Work request
Below are the records; extract from them the line containing "Description générée automatiquement" to the line containing "c65cf39ceaba4cd483f4ea2ec28ccd34 - 19", both lines included, exactly and with no pictures.

+++ Entries provided

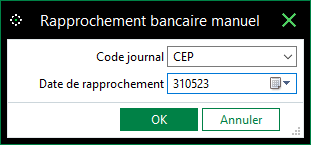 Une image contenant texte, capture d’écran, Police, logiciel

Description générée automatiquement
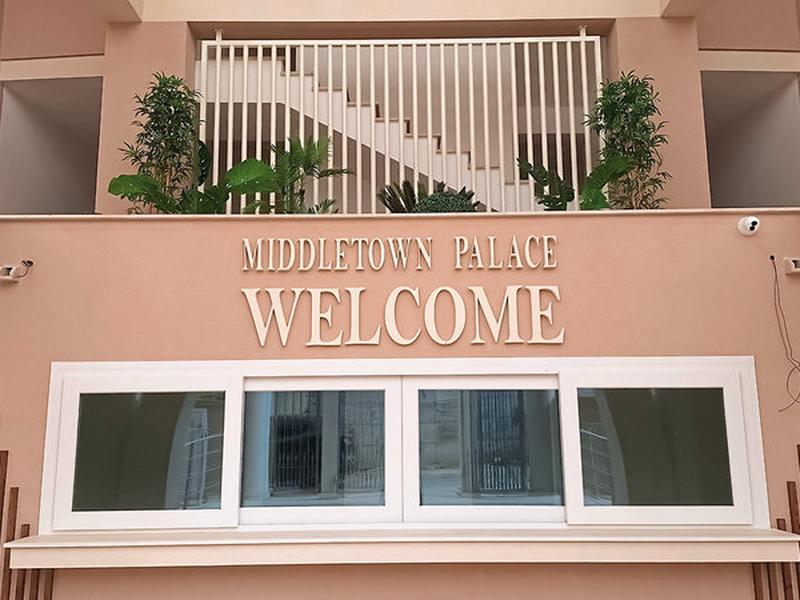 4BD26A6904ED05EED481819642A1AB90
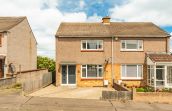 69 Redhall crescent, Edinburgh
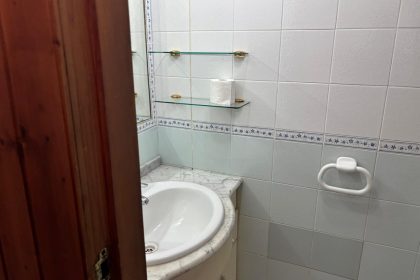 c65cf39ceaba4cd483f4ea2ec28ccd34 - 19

++++++
+++ Entries provided

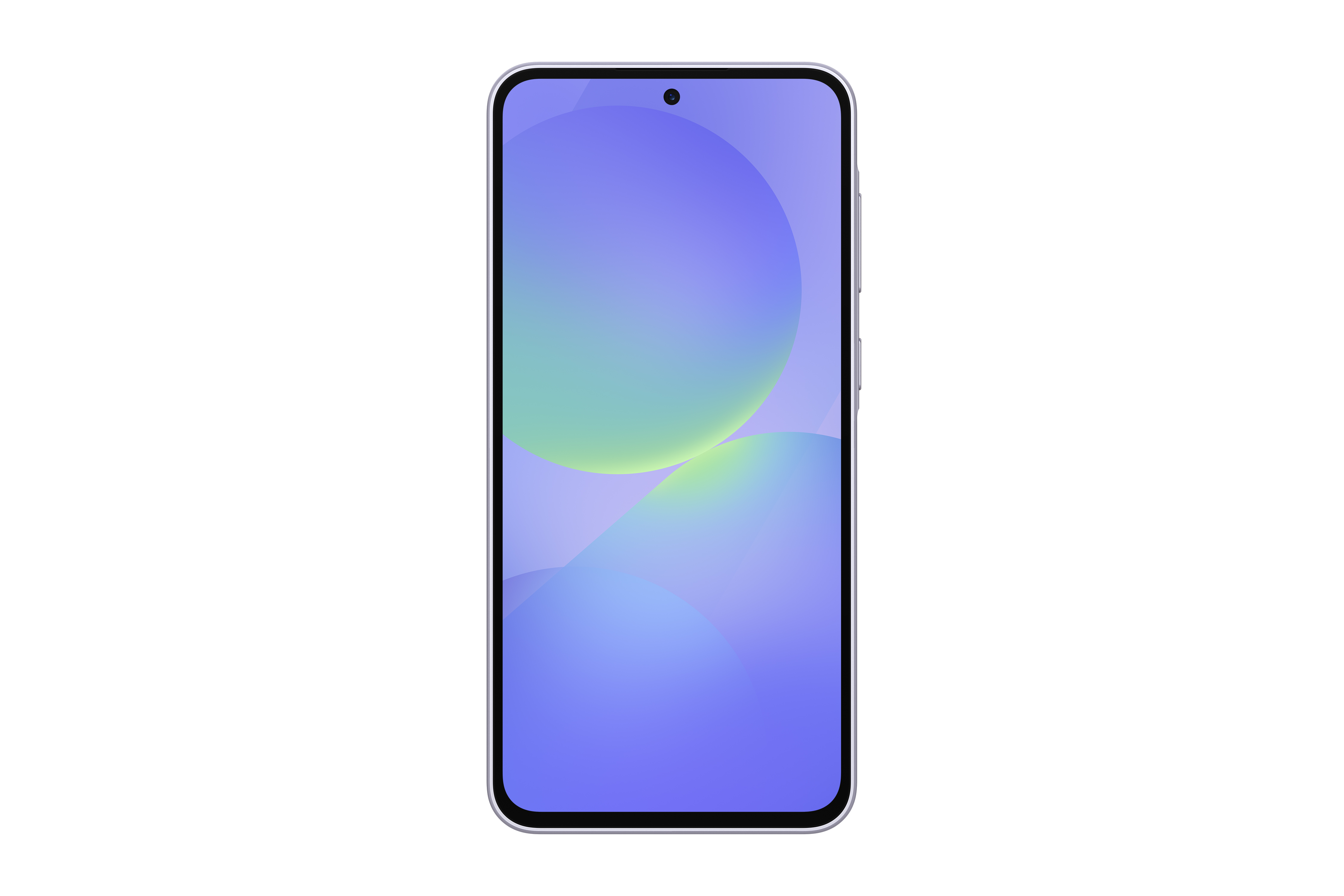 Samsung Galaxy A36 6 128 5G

++++++

Response area
Description générée automatiquement
 4BD26A6904ED05EED481819642A1AB90
 69 Redhall crescent, Edinburgh
 c65cf39ceaba4cd483f4ea2ec28ccd34 - 19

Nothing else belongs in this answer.